Imaging Technology

Photography cameras and video cameras has seen a great technology development through the last centuries and decades.

Camera Development History

Still image cameras have been around since the 17’th century. The development of these cameras has seen three major milestones: The development of the autofocus cameras, SLR cameras and the digital camera. The digital camera revolution started around year 2000, when consumers started buying digital cameras instead of analog cameras. The use of digital cameras has since then increased. Today, you have a high quality camera in your pocket.

Old Twin Lens Camera


Camcorder Developent Timeline

Film cameras were invented in the early 1900’s and has since then seen a very advanced technological development. The invention of video technology, through the invention of the CCD sensor, made moving pictures available to anyone.

From Analog to Digital

Yesterday’s analog technology is now starting to be replaced by digital systems, enabled by CMOS Image sensors and advanced encoding algorithms and encoding chipsets.

Digital Video

Digital video has become a standard within the camcorder and broadcasting industry. Early digital camcorders were based on the DV standard, which is gradually being phased out, while new amcorders are based on the HDV (High Definition Tape based recording) and the even newer AVC HD standard. Some digital still image cameras also features MPEG-4 video recording.

The MPEG Standard

The MPEG standard emerged as a successor to the MJPEG video standard and analog to the H.261 standard. MPEG-1 is essentially the same codec as H.261 and MPEG-2 is very similar to H.263. MPEG-4 can be regarded as a blend between H.263 and H.264. H.264 is also sometimes referred to as MPEG-4 part 10.

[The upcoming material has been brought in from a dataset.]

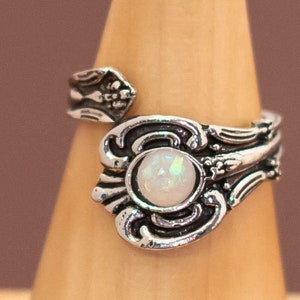 Vintage Art Nouveau Artistic Symbol Pearl Ring Size 11 - U1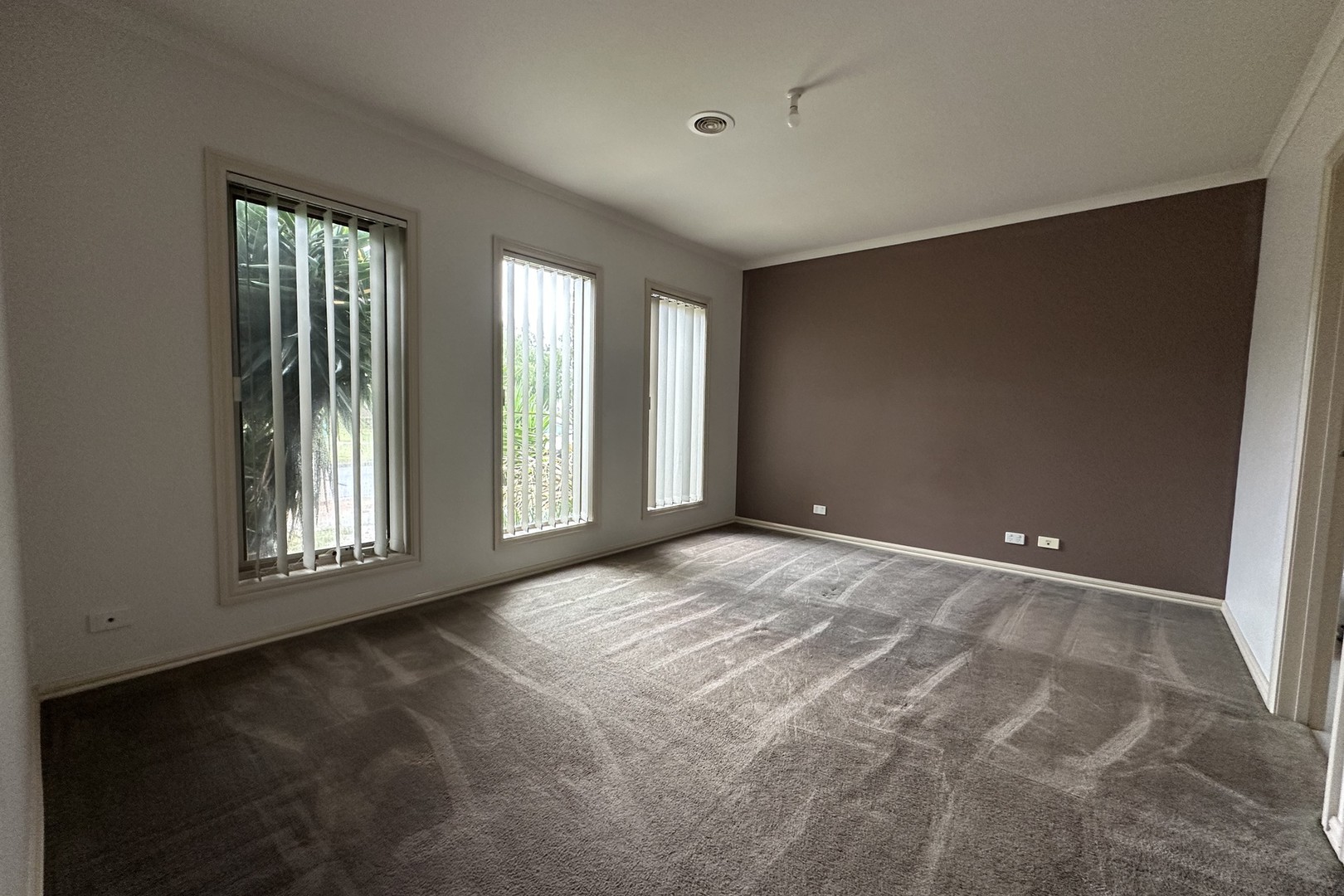 15 Lucas Terrace, Taylors Hill, VIC 3037 - Thumbnail 1 - 30/03/2026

Todays standard for digital video is AVC HD or H.264 as it is dubbed. This format has been adopted by Video conferencing equipment, web video (youtube, Joost and flash video), Apple quicktime, Sony, Panasonic, Canon and other AVC HD camcoder manufacturers. With such heavy backing, the H.264 codec is the most popular digital video codec to date. Broadcast systems are currently using MPEG-2 and MPEG-4, but are also looking to make the jump to H.264 in order to offer better quality over lower bandwidths, which again will offer more channels and additional services.

Network Video

Some of the digital video standards are designed specifically for live IP network streaming. This is particularly true for MPEG-4 and H.263 as well as the newer H.264 standard. These standards come in base profile versions which is particularly suited for low latency, real time applications like live web streaming and video conferencing.